Through a close collaboration between the business education research team of the University of Innsbruck and four classes of two secondary vocational schools an autoethnographical attitude and an approximation to social science principles are embedded in the project. From the very start of PEARL, the pupils involved participate actively in working out the details of the research question and the concrete research design for their autoethnographical investigation of learning spaces within their internships. They turned into field researchers of their own learning processes and experiences. The pupils themselves investigated - with the support of the university - their internships as ‘individualized cases’. By using a form of ‘autoethnographic narratives’ (Davis & Ellis 2010: 285) – individual logbook accounts written as stories complemented with photos, interviews, objects, field notes and videos – the pupils reflected their own learning experiences, collected diversified data and generated descriptions of their learning spaces.
So far we have carried out (together with the pupils) 59 case studies, which have been communicative validated by material-stimulated single interviews (conducted by the research team). The analysis and interpretation of the manifold data is performed according to the ‘grounded theory’ (Strauss & Corbin 1990) method with the help of the computer assisted qualitative data analysis software atlas.ti.
According to the framework of learning spaces we want to mention three results which emerged from our first data analysis.
1. The scientific discourse on workplace learning and the social learning assumptions of participating in different contexts and professional communities to develop new knowledge, practices and identities for both the individual learner and the respective organisation (Tynjälä 2009: 26f.) is confirmed by our investigation.
2. The analysis suggests the importance of an integrative pedagogical approach to support effectively the diverse learning experiences and to make the multiple learning spaces visible for sustainable professional development. Participation in different practical contexts is not per se a deep learning experience. It needs mediating tools, dialogic inquiry and a well-trained practice of thinking and reflecting. Teachers and supervisors of the internship should tutor, mentor and coach the students before, during and after the internship. Therefore a close collaboration and partnership between vocational schools and workplaces is essential (Tynjälä 2009: 12).

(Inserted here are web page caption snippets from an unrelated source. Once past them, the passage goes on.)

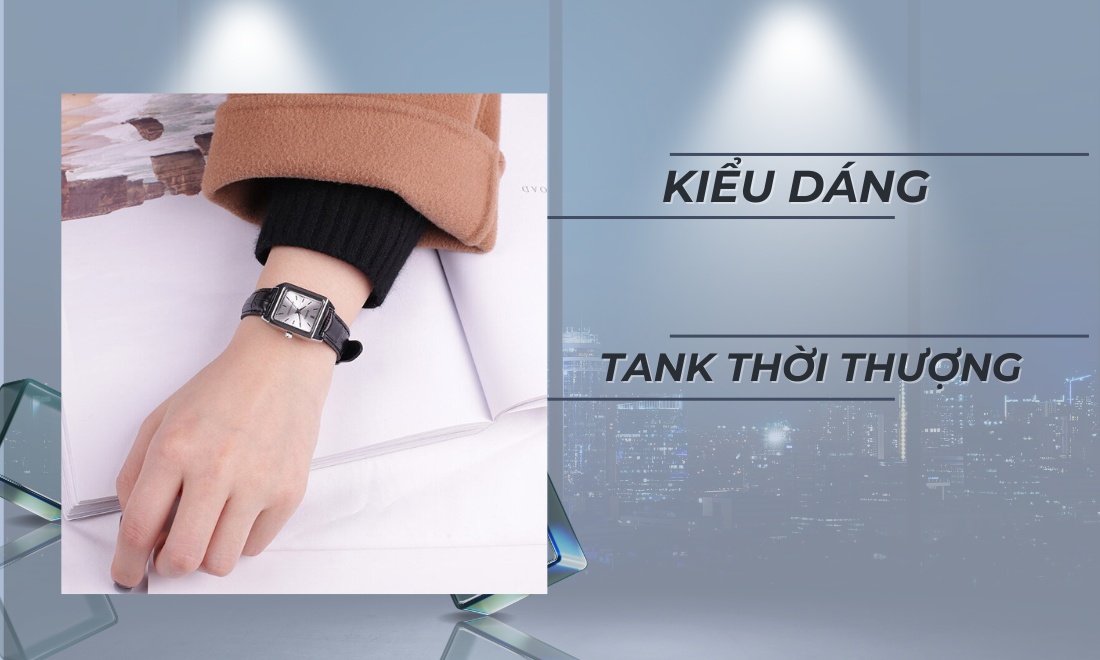dáng tank không lỗi mốt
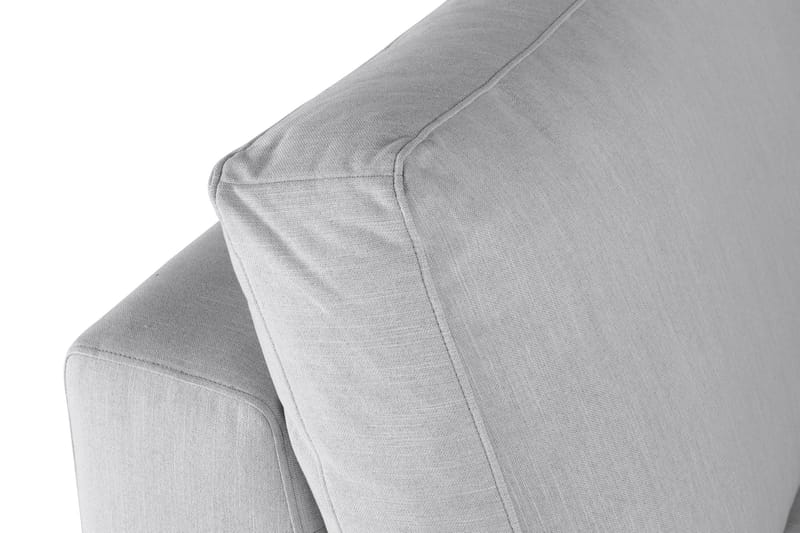 Arken 1-sits Hörnmodul i Tyg - Grå - Möbler - Vardagsrum - Soffor - Modulsoffor - Hörnmodul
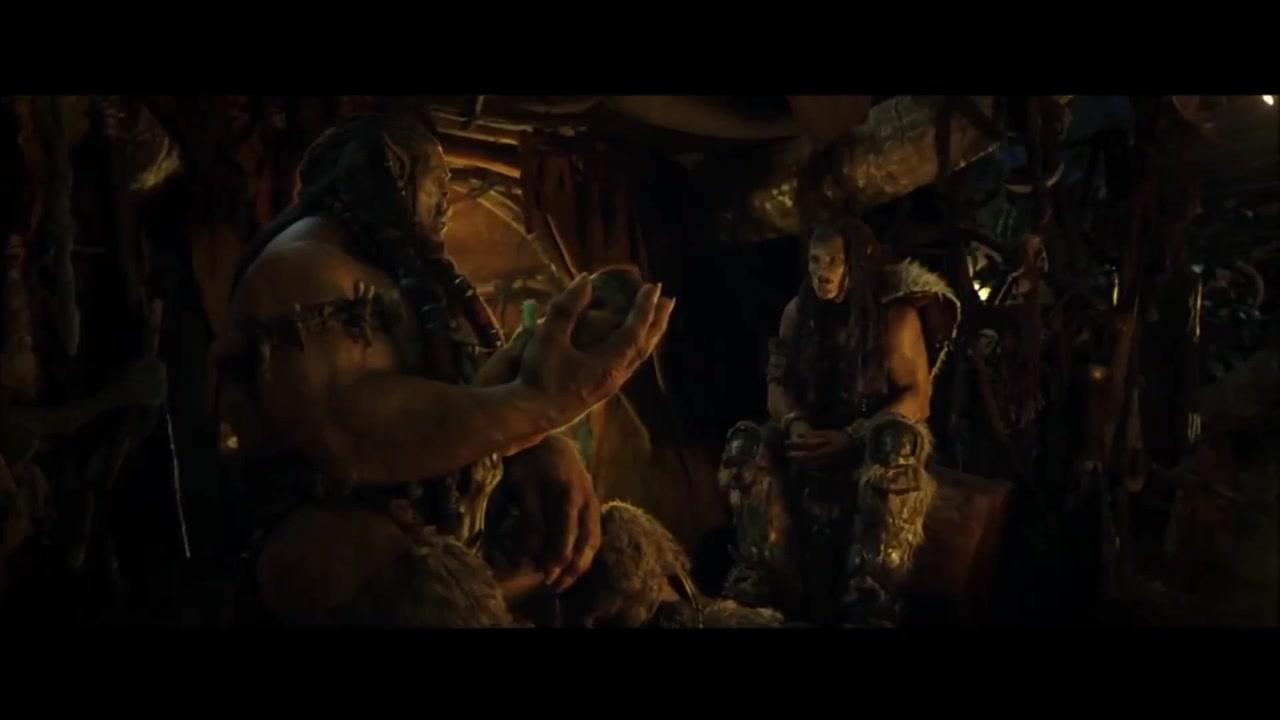 Warcraft - The Beginning - Trailer - Deutsch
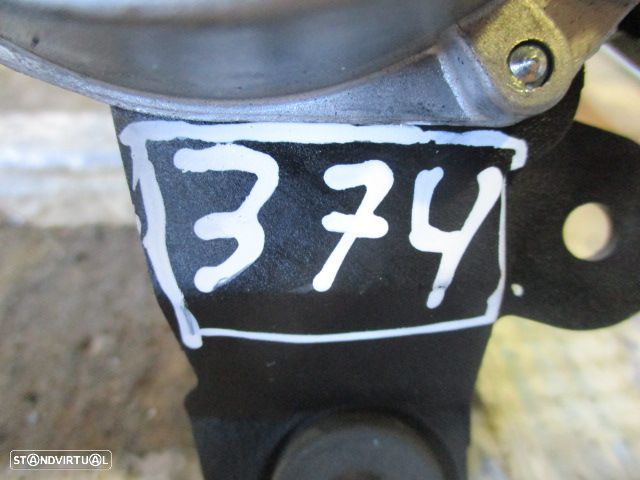 Motor Limpa Vidros Tras W000034936 287105483 RENAULT CLIO 4 2014 RENAULT CLIO 4 SW 2017 1.5DCI 90CV 5P CINZA TRAS VALEO - 2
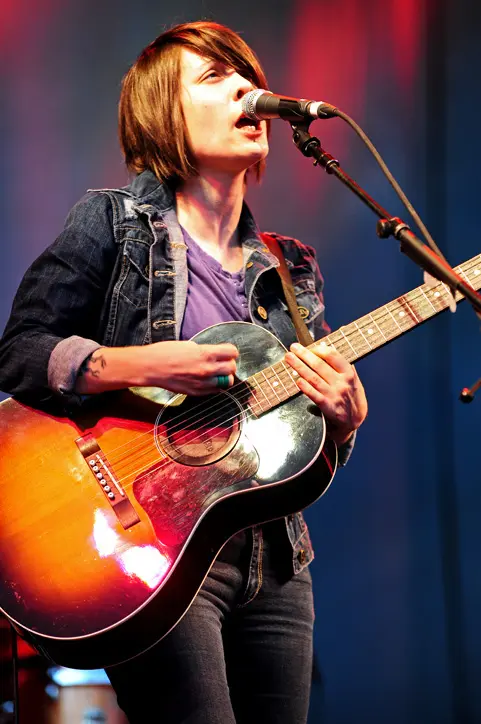 Tegan Quin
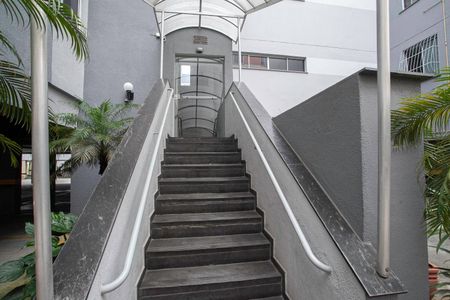 Apartamento para alugar com 59m², 3 quartos e 1 vagaEntrada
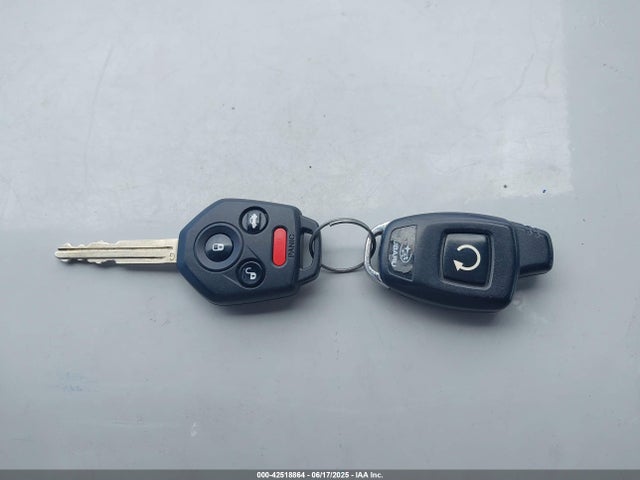 JF1GPAU65E8278471 Subaru 2014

3. Moreover the data analysis shows that scientific literacy leads to an increased ability to learn and reflect, especially in ‘cross-border-learning’ situations (Ostendorf & Ammann 2009). Through ‘becoming junior scholars’ the learners are able to reflect more efficiently on the multiple learning experiences in internships and to enhance their professional competences. Through this process they learn scientific procedures, open thinking and creative solutions.